Pour déterminer l’existence d’une position dominante sur le marché pertinent, différents critères, indices et facteurs d’ordre notamment économique peuvent être examinés. En effet, l’existence d’une position dominante résulte en général de la réunion de plusieurs facteurs qui, pris isolément, ne seraient pas nécessairement déterminants.
Au premier rang de ces facteurs figure la part de marché de l’entreprise en cause, qui permet d’apprécier la situation dans laquelle cette entreprise se trouve vis-à-vis de ses concurrents, de ses clients et des consommateurs. À cet égard, il ressort de la jurisprudence que des parts de marché extrêmement importantes constituent par elles-mêmes, et sauf circonstances exceptionnelles, la preuve de l’existence d’une position dominante. En effet, la possession d’une part de marché extrêmement importante met l’entreprise qui la détient pendant une certaine durée, par le volume de production et d’offre qu’elle représente, dans une situation de force qui fait d’elle un partenaire obligatoire et qui, déjà de ce fait, lui assure, tout au moins pendant des périodes relativement longues, l’indépendance de comportement caractéristique de la position dominante (Trib. UE, 25 juin 2010, Imperial Chemical Industries c/ Commission, aff. T-66/01).
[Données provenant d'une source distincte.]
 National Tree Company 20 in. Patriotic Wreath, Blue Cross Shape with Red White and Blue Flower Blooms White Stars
En pratique, il a déjà été jugé qu’une part de marché inférieure à 10 % excluait l’existence d’une position dominante (CJCE, 22 octobre 1986, Metro c/ Commission, aff. 75/84), alors qu’une part de marché supérieure ou égale à 50 % constituait, par elle-même et sauf circonstances exceptionnelles, la preuve de l’existence d’une position dominante (CJCE, 3 juillet 1991, AKZO c/ Commission, aff. C-62/86). Dans ce prolongement, il a également été jugé qu’une part de marché de 70 à 80 % constituait un indice clair de l’existence d’une position dominante (TPICE, 12 décembre 1991, Hilti c/ Commission, aff. T-30/89).
De son côté, la Commission européenne a fait savoir, dans sa communication intitulée « Orientations sur les priorités retenues par la Commission pour l’application de l’article [102 TFUE] aux pratiques d’éviction abusives des entreprises dominantes », qu’elle considérait que des parts de marché modestes étaient généralement un bon indicateur de l’absence d’un fort pouvoir de marché, et que si la part de marché de l’entreprise en cause représentait moins de 40 % du marché pertinent, il était peu probable qu’elle s’y trouve en position dominante.
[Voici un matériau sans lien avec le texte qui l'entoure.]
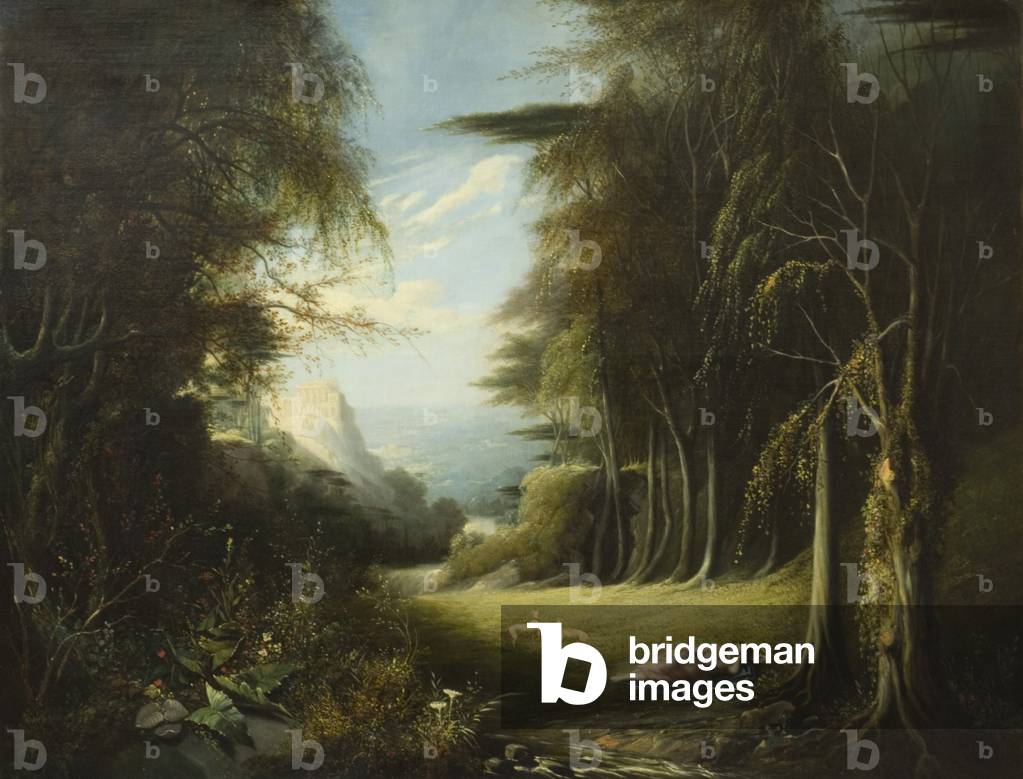 Diana asleep in a Woodland Glade (oil on canvas)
Pour évaluer l’importance de la part de marché de l’entreprise dominante, il convient toutefois de tenir compte des parts de marché respectives de ses différents concurrents. En effet, la valeur absolue de cette part de marché n’est parfois qu’un indicateur abstrait, et ce n’est que si la disproportion entre la part de marché de l’entreprise en cause et les parts de marché de ses concurrents est importante que l’on peut présumer l’existence d’une position dominante. Ainsi, il n’est pas totalement exclu qu’une entreprise qui détiendrait une part de marché de 30 % puisse se trouver en situation de position dominante face à une multitude de concurrents dont les parts de marché respectives seraient extrêmement faibles, alors que tel ne serait probablement pas le cas si cette même entreprise devait uniquement faire face à trois concurrents principaux dont les parts de marché respectives s’élèveraient à plus de 20 %.
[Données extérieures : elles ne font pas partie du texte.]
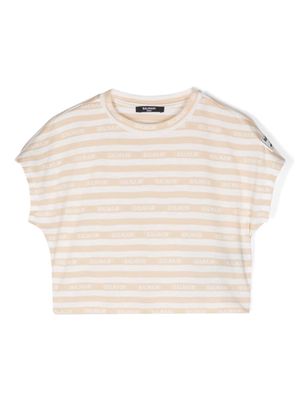 Balmain Kids logo-print striped T-shirt - Neutrals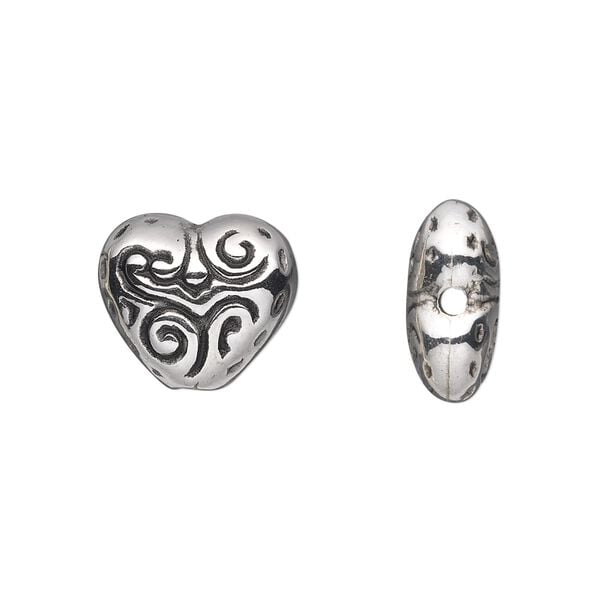 Bead, antiqued silver-finished copper-coated plastic, 15x13mm double-sided heart. Sold per 50-gram pkg, approximately 60 beads. image number 0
Parmi les autres facteurs qui peuvent être pris en compte pour déterminer la position d’une entreprise sur le marché pertinent, on retrouve un ensemble de facteurs pouvant schématiquement s’analyser comme des avantages structurels, tels que, par exemple, l’importance des droits de propriété intellectuelle détenus, l’importance des autres droits de nature réglementaire, les barrières à l’entrée du marché pertinent, les avantages liés à la position de premier entrant, les investissements de recherche et développement, l’évolution de la structure du marché ou encore les ressources financières de l’entreprise en cause.